In the nineteenth century, sugar was a very important commodity. Its cultivation was the main driver behind the Atlantic slave trade, which transported slaves to plantations, mainly in the Caribbean and South America. The sugar plantations grew sugar cane, and processed this in sugarcane mills that produced raw sugar. The raw sugar still contained impurities that were extracted in the so-called refinery process. At the time that the predecessors of the Amsterdam Steam Sugar Refinery were founded, the Netherlands had a colony in Surinam, but sugar production in the Dutch East Indies had also become very important.

The traditional sugar refinery in Amsterdam was a building strongly influenced by the highly regulated size of house lots in the city. Many of these measured 9.5 by 47 m. In order to get an efficient ratio between the parts of the production process on such a plot, the standard refinery used four boiling pans and had 4 or 5 storeys. This limited processing capacity to about 600 tons of raw sugar a year. An innovation that could make these small refineries more efficient was the use of tubes that conducted steam to heat the pans. It meant that only one fire could heat all pans, and gave much more control over the process.

The invention of the vacuum pan by Edward Charles Howard changed the traditional sugar refinery process. It required high investments and a lot of space that the traditional refineries did not have. This and other developments led to a type of specialized building for sugar refineries. It had to be located near a clear river or a well with steam pump. It had to be spacious and fire resistant and to have enough room for storage. Above all, it was an almost absolute necessary to allow the sugar liquor so far as possible to descend by gravitation during the different processes, and so to avoid pumping. Therefore, refineries were 7-8 stories high. Raw sugar was inserted at the top, and the refined article was discharged at the bottom. This explains the exterior of the sugar refinery Java, that the Amsterdamsche Stoom Suikerraffinaderij built in 1846–1847.

== Predecessor companies ==

=== Firma M. Udink & Co. ===
Barend Udink (1710-1775) probably came from Enschede. By 1747 he was in a business partnership with a Mr. ten Broeke and was trading to the West Indies. Barend was succeeded by his son Marten (1748-1808), who married Lamberdina Kooij in 1774, and Cornelia Margaretha la Grand in 1778. Marten continued his father's business together with Ten Broeke, which was further specified in a 1785 contract. Marten Udink's name is known from several ship transactions. The partnership with Ten Broeke seems to have ended by 1797. Marten became prominent in Amsterdam. He was a representative for the city under the Batavian Republic (1795-1806), and in 1804 he was president of the Aalmoezeniers orphanage.
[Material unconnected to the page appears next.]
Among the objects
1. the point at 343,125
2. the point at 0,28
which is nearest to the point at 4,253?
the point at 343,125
When Marten Udink died childless in 1808, he was succeeded by his nephew Joannes Kooij (1785-1870). Joannes was the son of Marten's brother in law Barend Kooij. It is supposed that Joannes already worked in the shipping company by about 1800. On 1 January 1808 a partnership with the name (firma) Marten Udink & Co. was formed. It included Marten Udink, his 23 year old nephew Joannes Kooij, and Hendrik Nijhoff, Marten's 47 year old bookkeeper. Marten brought in 80,000 guilders, and Joannes Kooij and Hendrik Nijhoff each 40,000, which they borrowed from Marten. It is supposed that Kooij and Nijhoff used the profits to gain complete ownership of the partnership, while retaining the name.

Traces of M. Udink & Co.'s activities are found in 1821, when the frigate Vrederijk sailed to Berbice and potential passengers could address themselves to M. Udink & Co. In 1828 and 1833 the coppered frigates Marco Bozzaris (1824) and Zeemanshoop (1826) were mentioned as managed by the firm. In 1834 Admiraal de Ruyter built at De Oranjeboom was mentioned as belonging to the firm.

The activities of M. Udink & Co. were not strictly limited to shipping. In 1824, it offered to sell a small part of a coffee plantation in Surinam. In 1829 M. Udink & Co. participated for 2,000 guilders in the foundation of the Nederlandsche Zee Assurantie Maatschappij. On 1 January 1834 Joannes Kooij became a managing director of the Netherlands Trading Society, which was a very profitable position.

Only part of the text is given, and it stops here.